Well, let’s get the normal numbers out of the way. Quickly, since they will make us all queasy. New claims for unemployment assistance rose again. They are back to the level they reached in June – 428,000 – and show no sign of relenting. Gone are the weeks where we could fantasize that claims were distorted by clerical, seasonal, statistical, or weather related quirks. The well of excuses has dried up. Our economy is simply not capable of creating jobs. It was what now seems an eternity ago when we were celebrating weekly claims trending down towards the magical mid-300,000 range. That is well out of reach at the moment. Unfortunately our unemployment problem is going to stick with us for a long while.
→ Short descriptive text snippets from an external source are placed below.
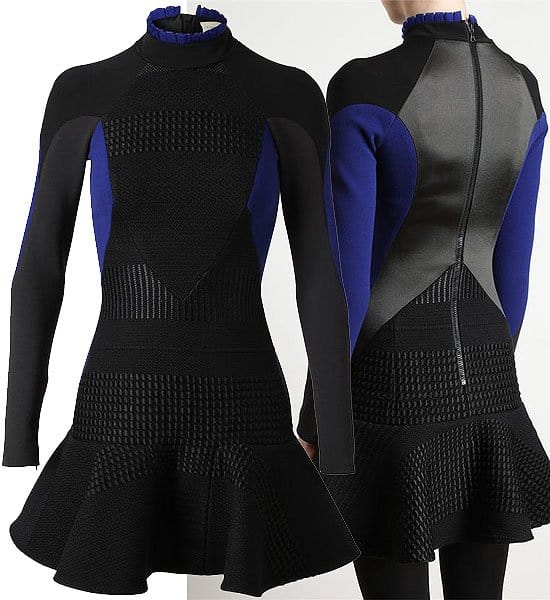 Stella McCartney Milly dress The iconic 'Milly' dress by Stella McCartney, a masterpiece from her Fall 2012 collection, priced at £3,025.00 (approximately $4,833.04)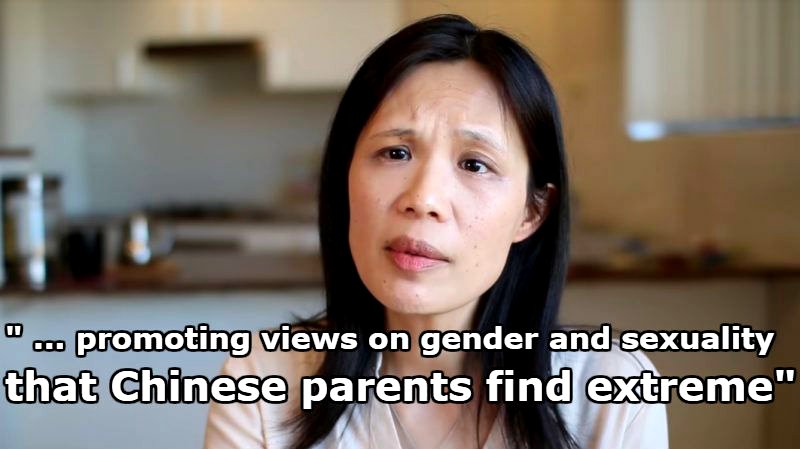 Chinese Doctor Slammed For Starring in Australian Anti-Gay Marriage Ad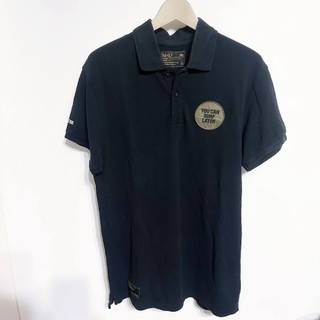 NEIGHBORHOOD x IZZUE NHIZ 短袖 POLO衫 L號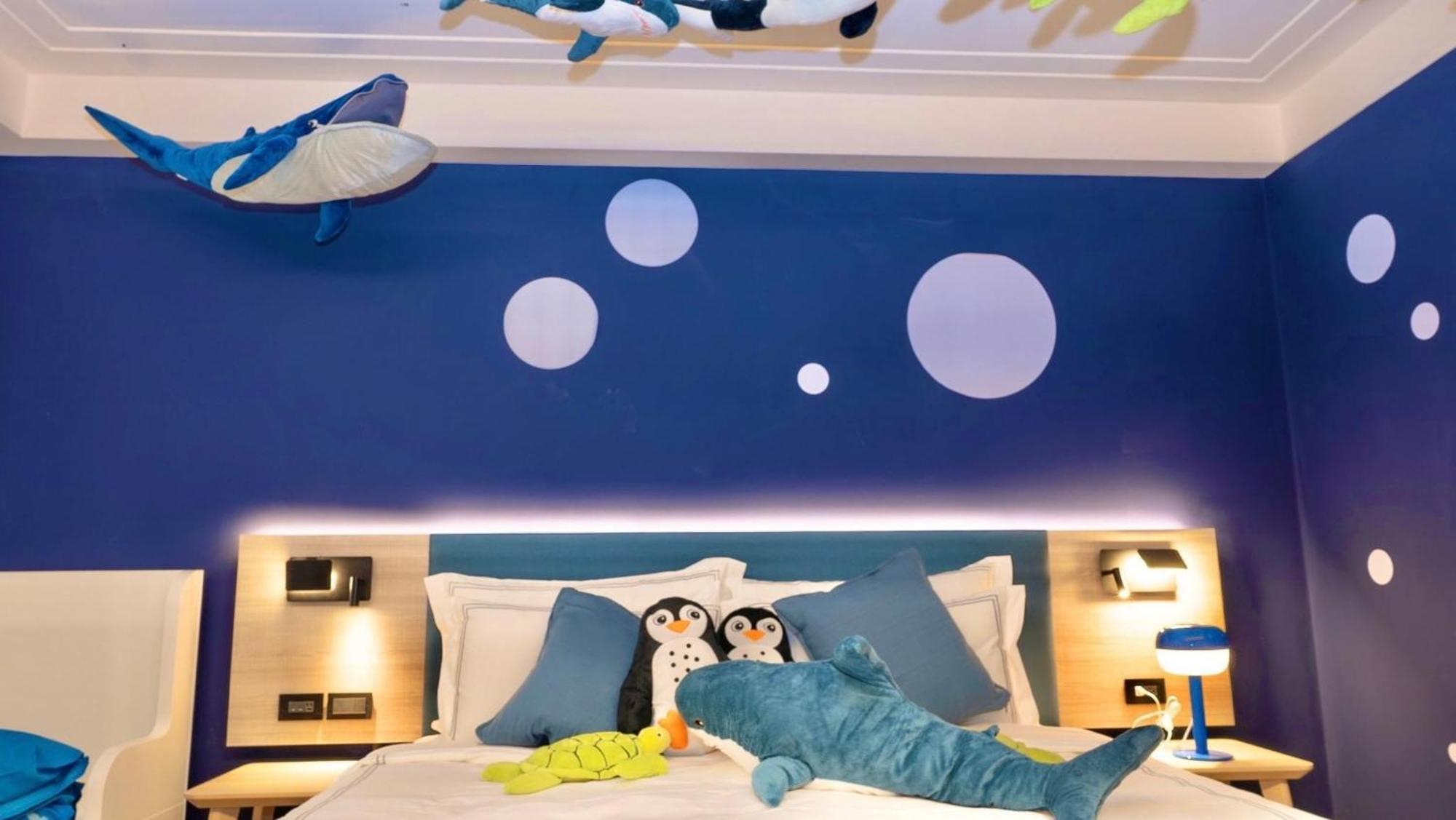 Fullon Poshtel Jhongli Hotell Zhongli Eksteriør bilde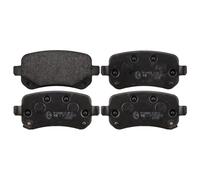 Blue Print ADA104259 Patins de freins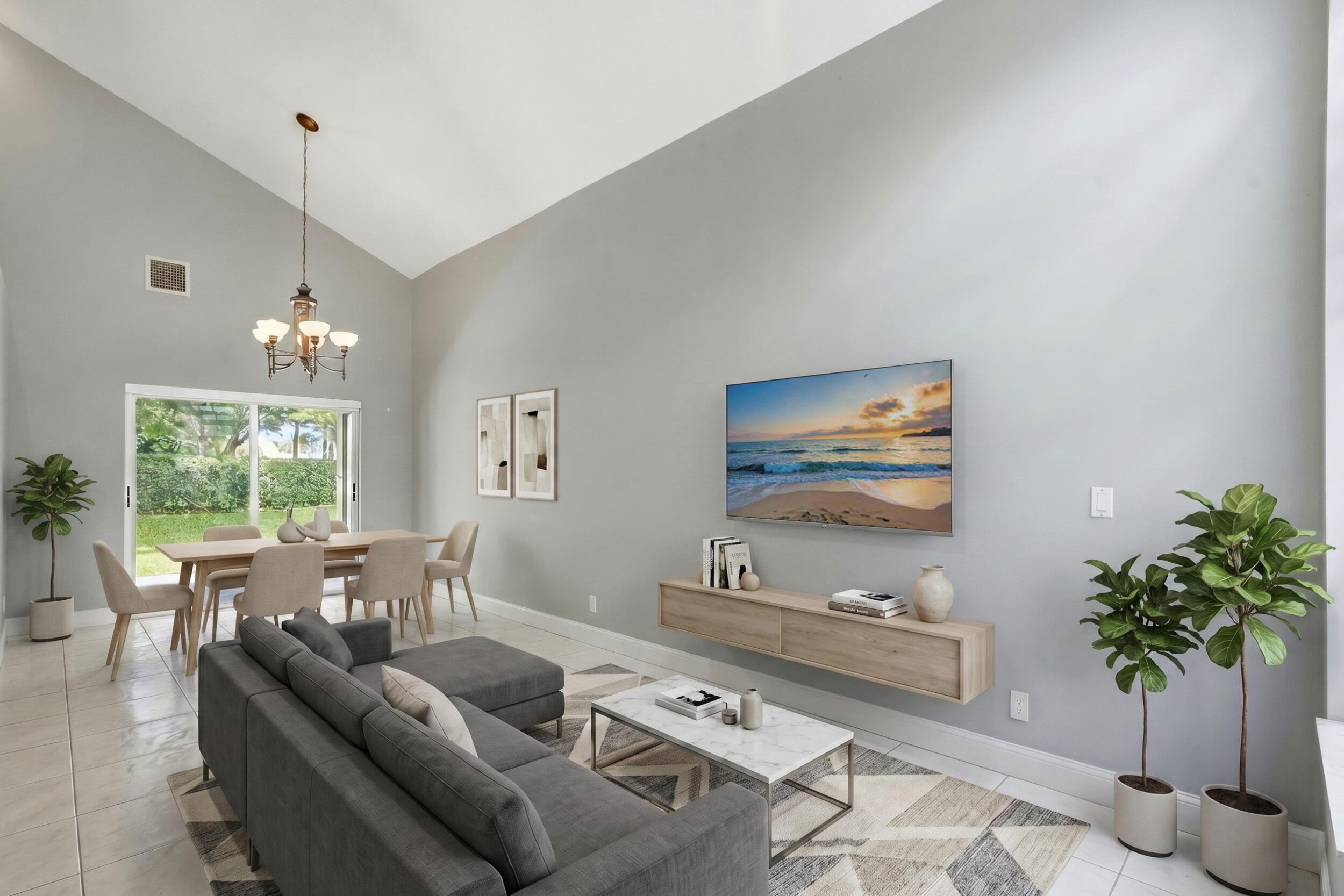 SILVER LAKES AT PEMBROKE PINES - Residential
Equally, or perhaps more, unfortunately I doubt there will be any serious attempt as a resolution. Our interminable election cycle implies that it is in the Republican party’s interest to remain obstinately anti-worker as it seeks to create an electoral advantage. So I expect a great deal of smokey rhetoric about fixes backed by an equal amount of cynical inaction.

We also learned this week that inflation has edged up somewhat. Even core inflation – the measure that strips out volatile stuff like energy and food costs – has risen to touch the 2.0% mark. While that’s not a problem, despite what you will be hearing from the right wingers, it implies that the average family is being squeezed Since incomes are flat, any rise in inflation erodes real purchasing power.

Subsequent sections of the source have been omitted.